Without including any pictures, give back all of the data exactly.

Data extract:
-------

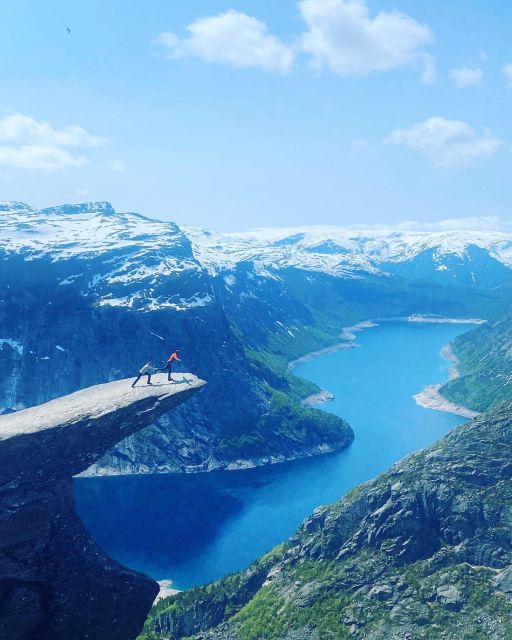 Trolltunga Helicopter & Waterfalss Sightseeing From Bergen - Skjervsfossen gives the day a gentle start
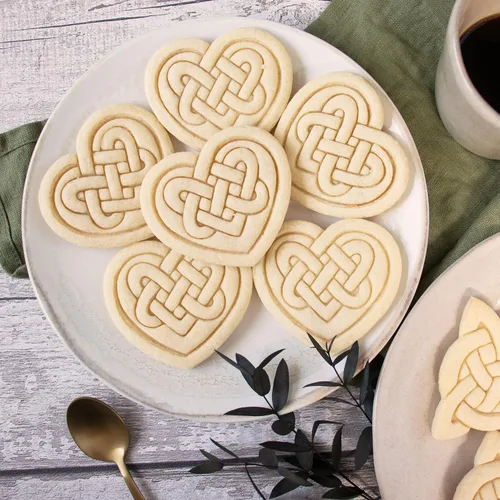 Miniatura 5 de Juego de 2 cortadores de galletas Celtic Triquetra (Diseños: Celtic Heart y Triquetra), 2 piezas - Bakerlogy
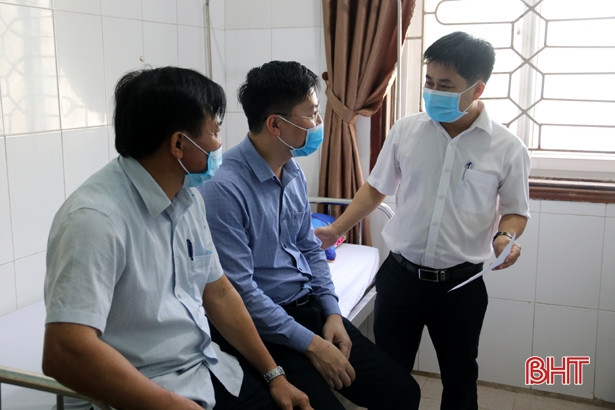 Triển khai tiêm vắc xin phòng Covid-19 tại 2 đô thị lớn ở Hà Tĩnh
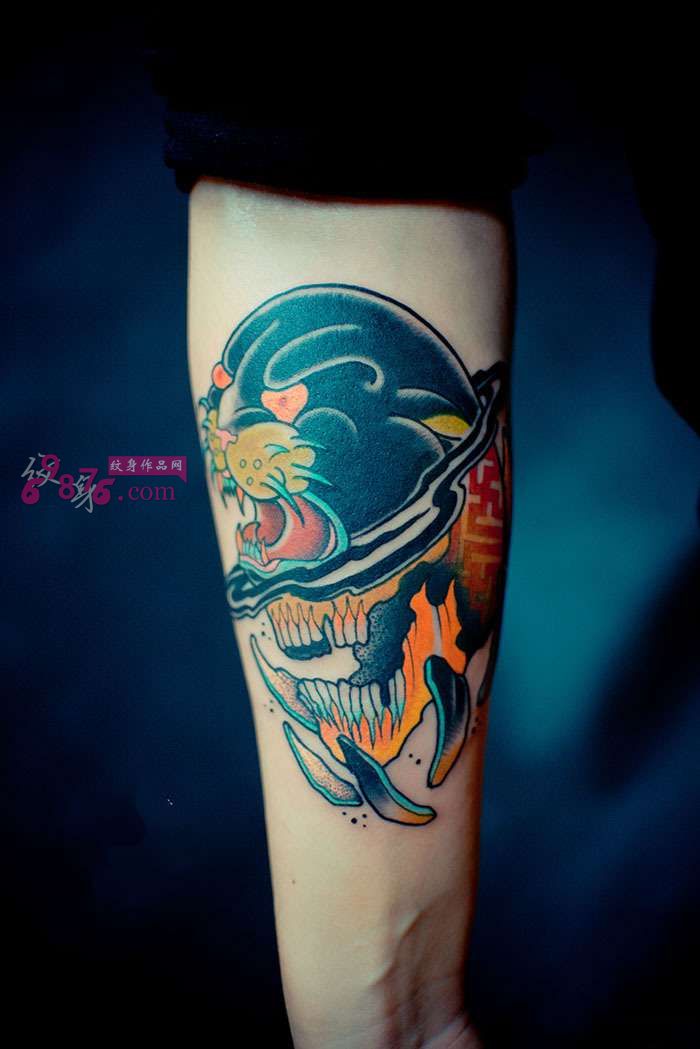 个性彩色黑豹子头手臂纹身图片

-------

Result of this task:
 Trolltunga Helicopter & Waterfalss Sightseeing From Bergen - Skjervsfossen gives the day a gentle start
 Miniatura 5 de Juego de 2 cortadores de galletas Celtic Triquetra (Diseños: Celtic Heart y Triquetra), 2 piezas - Bakerlogy
 Triển khai tiêm vắc xin phòng Covid-19 tại 2 đô thị lớn ở Hà Tĩnh
 个性彩色黑豹子头手臂纹身图片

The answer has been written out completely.